Marco racconta poi che nel settembre del 1938 il padre Vittorio Di Porto fu chiamato in azienda dal proprio titolare per comunicargli del suo licenziamento a causa della sua appartenenza alla comunità ebraica. 

Ancora, Marco Di Porto racconta: «Il 16 ottobre 1943 i tedeschi salirono su 65 camion, non parlavano una parola di italiano, era la prima volta che venivano a Roma, ma avendo la mappa della città andarono casa per casa, quartiere per quartiere, dov'era indicato il domicilio degli ebrei. Ma persero anche del tempo perchè passando avanti al Colosseo, il Circo Massimo, il Teatro Marcello, si fermavano ad ammirare queste antichità romane che non avevano mai visto. La razzia comportò la deportazione di 1.250 ebrei, di cui 250 erano bambini, che partirono da Tiburtina e arrivarono al campo di sterminio di Auschwitz Birkenau».

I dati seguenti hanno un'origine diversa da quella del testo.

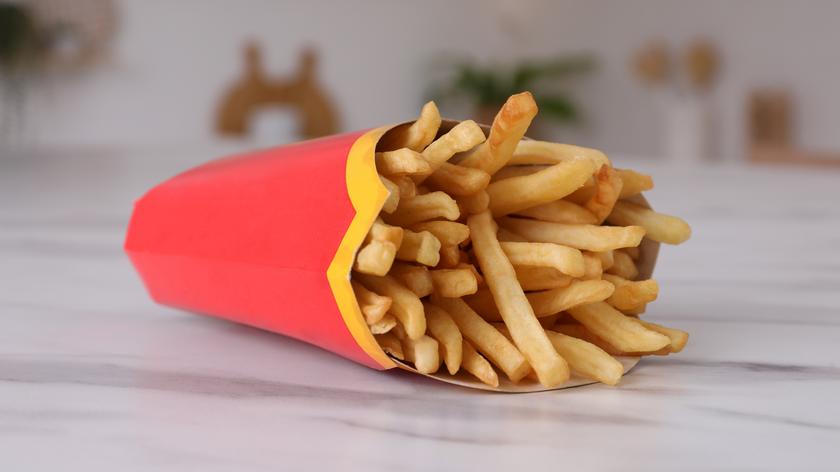 Otwarcie pierwszej restauracji McDonald's w Polsce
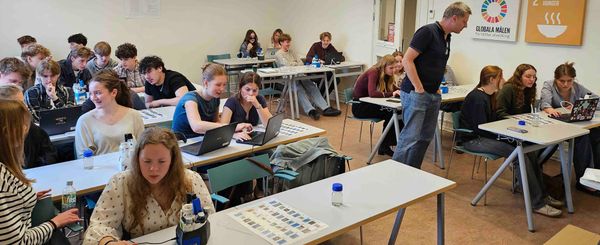 The OpenFlexure microscope in educational settings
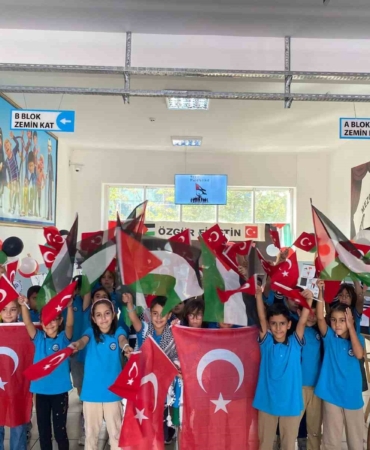 diyarbakirdaki-ilkokul-ogrencilerinden-filistine-destek-kampanyasi-UUv9rdam.jpg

Testimone dell'epoca, Marco mostra alcune foto di sé e della sua famiglia scattate in quei giorni e ricorda che era a casa con sua zia quando la vicina diede l'allarme e consentì a loro di fuggire prima di essere rastrellati dai tedeschi. Insieme con la sua famiglia, Marco si nascose in un convento di Roma per alcuni mesi.

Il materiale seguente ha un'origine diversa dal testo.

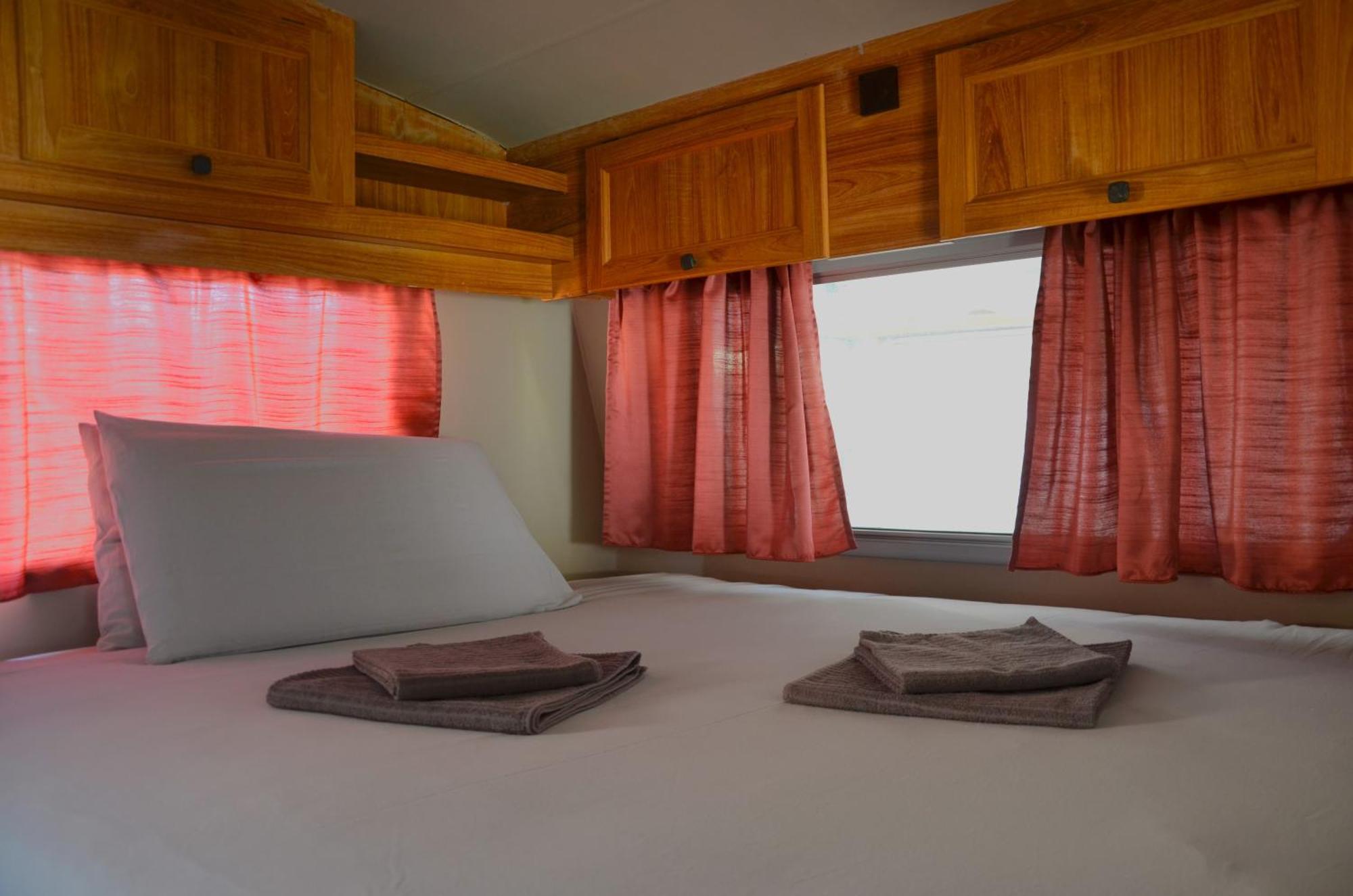 Camping Italia 90 Caravans Domaso Dış mekan fotoğraf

Durante questi mesi Marco racconta di aver imparato il francese grazie alla madre e di essere cresciuto insieme alla famiglia che si creò in quella comunità ebraica, dove hanno provveduto da soli a procurarsi da mangiare e da bere: «Sono entrato il 18 ottobre 1943 e ne sono uscito il 4 giugno 1944», ripercorre Marco Di Porto, ricordando anche il giorno in cui tutti furono avvisati dalle monache del convento della liberazione di Roma dai nazifascisti.

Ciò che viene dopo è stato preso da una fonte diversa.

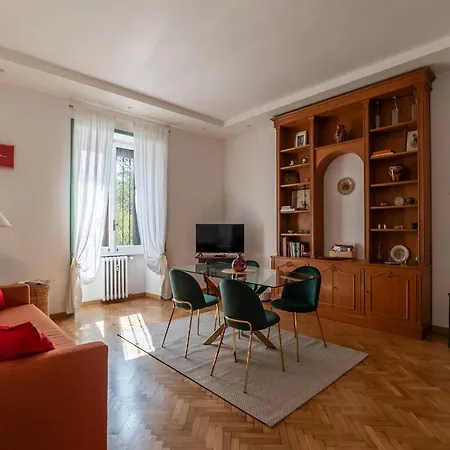 Guesthost - Bright X4 Along The Tevere! *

Marco conclude il suo racconto con un aneddoto curioso, lui piccolo sulle spalle dello zio affascinato dai carri armati americani in strada. Da uno di questi si calò un soldato americano che cedette a Marco una cioccolata: «È stata la prima cioccolata della mia vita, la più buona che abbia mai mangiato». 

Video

Oggi Marco Di Porto è volontario della Fondazione Museo della Shoah di Roma, tramite la quale testimonia la sua storia e quelle di tanti altri dell'era nazifascista romana.

La Fondazione è nata nel luglio 2008, con l’obiettivo di perseguire il difficile compito di ricordare questi avvenimenti storici. La valorizzazione e la crescita del museo è indirizzata inoltre a risolvere un problema che sta diventando, col trascorrere degli anni, sempre più serio: la scomparsa di testimoni diretti della Shoah.

Con l’avanzare dell’età anagrafica, i pochi testimoni rimasti stanno man mano diminuendo, aumentando il rischio di rendere vani i loro sforzi e il loro impegno nel mantenere viva una memoria storica che sia di insegnamento alle generazioni future.